As memes go, last month’s Sad Ben Affleck — sparked by a since-removed YouTube video in which Affleck appears to momentarily contemplate the meaningless of existence after being asked by an interviewer to respond to terrible reviews for Batman v Superman, set to a soundtrack of Simon & Garfunkel’s “Sound of Silence” — is very entertaining. It’s not the first meme to set a captured look of earnest despair to music, and it’s one of a seeming endless stream of memes based around an implied moment of celebrity sadness.

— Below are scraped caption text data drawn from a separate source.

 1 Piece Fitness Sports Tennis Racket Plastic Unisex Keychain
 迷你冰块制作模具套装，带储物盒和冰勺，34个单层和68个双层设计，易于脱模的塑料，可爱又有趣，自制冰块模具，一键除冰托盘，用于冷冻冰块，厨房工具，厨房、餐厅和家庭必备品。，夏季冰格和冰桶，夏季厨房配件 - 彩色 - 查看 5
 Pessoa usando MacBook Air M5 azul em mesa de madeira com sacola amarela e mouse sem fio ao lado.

Still, given its context (the hyper-artifice of a publicity junket) and its subject (the endlessly vivisected Affleck), it’s no wonder that this meme seemed, at first click, to be the perfect piece of internet schadencandy.

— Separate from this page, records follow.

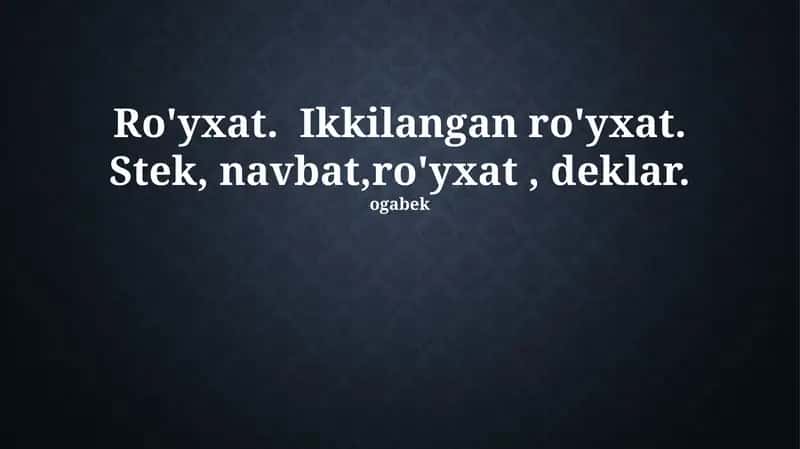 Ro'yxatlar bilan ishlash 1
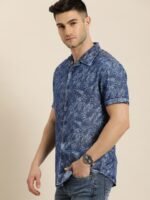 Moda Rapido Men Blue Slim Fit Tropical Printed Cuban Collar Sustainable Casual Shirt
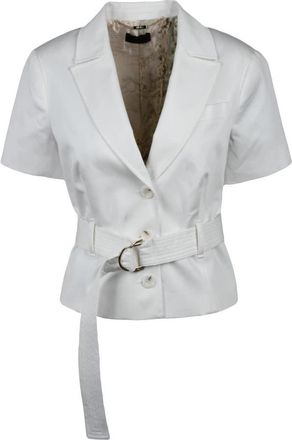 Liu Jo Kort Jasje - Dames - Blazers - Wit - XL - Katoen - Jassen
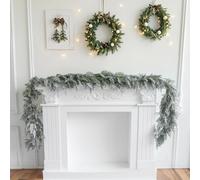 180 cm Snow Tipped Green Fir Garland Christmas, Artificial Rattan, Simulated Pine Christmas Garland, Lifelike and Beautiful, for Xmas Tree Decoration, Stairs and Fireplaces (Style B)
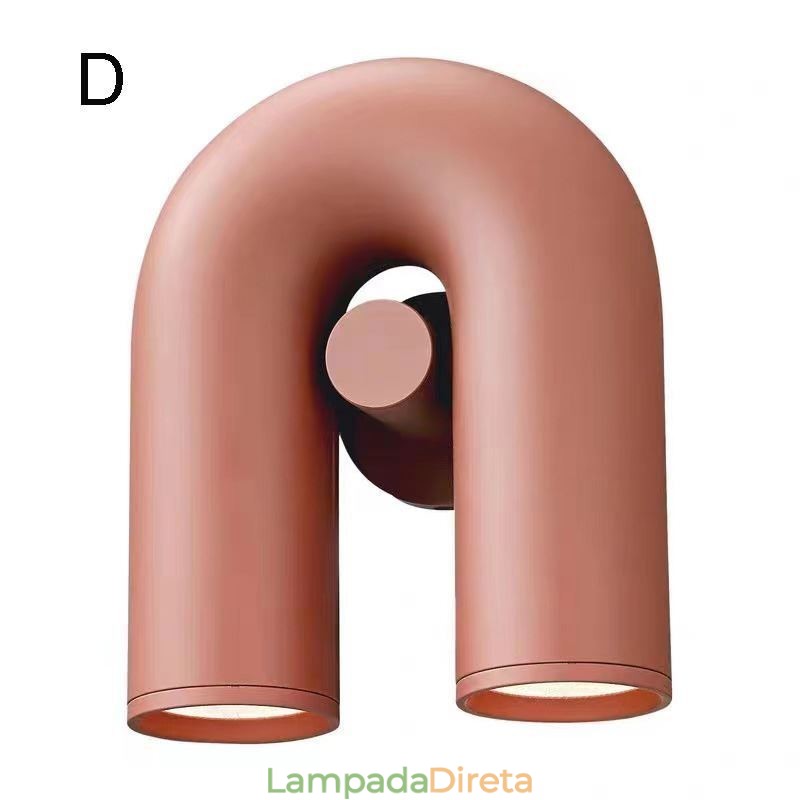 Aplique de parede em forma de U – Luminária de parede criativa minimalista com ângulo reto de noventa graus e abajur giratório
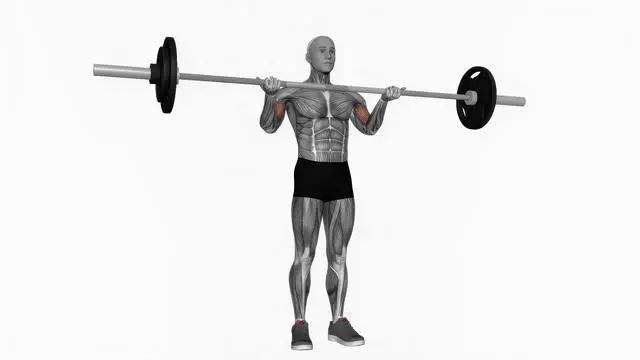 Barbell standing wide grip biceps curls (2)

Which is why I was so surprised recently, while being regaled by someone I’d only just met about the importance of the imminent presidency of Donald Trump, to be recalling that haunting image of Sad Ben Affleck’s face. After all, this moment — a virtual stranger rabidly babbling nonsense directly into my earholes — had nothing to do with Ben Affleck, and yet the haunting image of his tight, polite, constricted smile is, I realized, more widely symbolic and more aptly applicable than it first appeared. Isn’t this exact sensation — one of keeping your composure in the face of a torrent of uninvited nonsense — a feeling we encounter often in the modern age? If you have ever written anything and posted it online, for example, be it an essay, a confession, or even just a tweet, you may have had the experience of reading the resultant responses — and isn’t this the perfect expression to capture just how that too often feels?

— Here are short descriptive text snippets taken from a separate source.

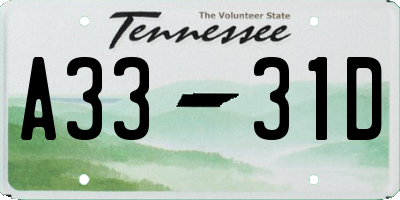 TN license plate A3331D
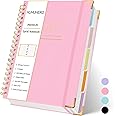 Huhuhero 5 Subject Notebook with Dividers, 240 Pages Pink Spiral Journal Notebook College Ruled, B5 Hardcover Notebooks for Work Note Taking, Aesthetic Writing Journal for Women, College Essentials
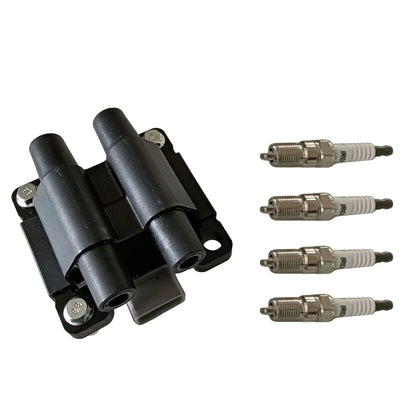 Set of 4 Platinum Spark Plugs & Ignition Coil for Subaru Forester Impreza (2009–2011)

In fact, isn’t this also the perfect expression for how it feels when, say, you’re stuck in the back of an Uber or a cab while your driver launches into some racist rant? Or how it feels to tentatively open your Facebook page to find a parade of forwarded wisdom-nuggets in Comic Sans from childhood friends you otherwise long ago lost touch with? Or to sit at a holiday table as an inebriated relative rails on loudly about how the only deterrent to imminent terrorist annihilation is assault rifles in the hands of every schoolchild? Or to ride in a crowded New York subway car while someone goes on loudly to no one about “the Jews”? Or to find out that Bill O’Reilly thinks that part of the problem with America today is that African-Americans have too many forehead tattoos? Or pretty much anytime you’re forced into proximity with the wit and wisdom of Ann Coulter? Don’t you, in other words, feel a little bit like this every single day?

The more you really think about it, the less this meme seems like a moment of hilarious celebrity aloofness and the more it feels like the representative image of a particularly pernicious brand of modern ennui: Basically, the feeling of being bombarded against your will by someone else’s animus. Now, you might counter by saying: Argue back with that Uber driver! Shout down that drunk relative! Loudly ridicule that subway racist! Engage Bill O’Reilly in thoughtful debate! To which I say:

This aspect of Sad Ben Affleck is not a disposable meme; it’s a modern analogue to the famous image of Edvard Munch’s The Scream. If The Scream represents the existential anguish of modernity, Sad Ben Affleck represents the barely suppressed despair of living in a world of way too many screamers, with way too many conduits to scream right in your face. You could, of course, scream back. Or you can just sit, and ride it out, and hope for a better tomorrow, while patiently and stoically enduring the indignities of today. Either way, Sad Ben Affleck, c’est moi.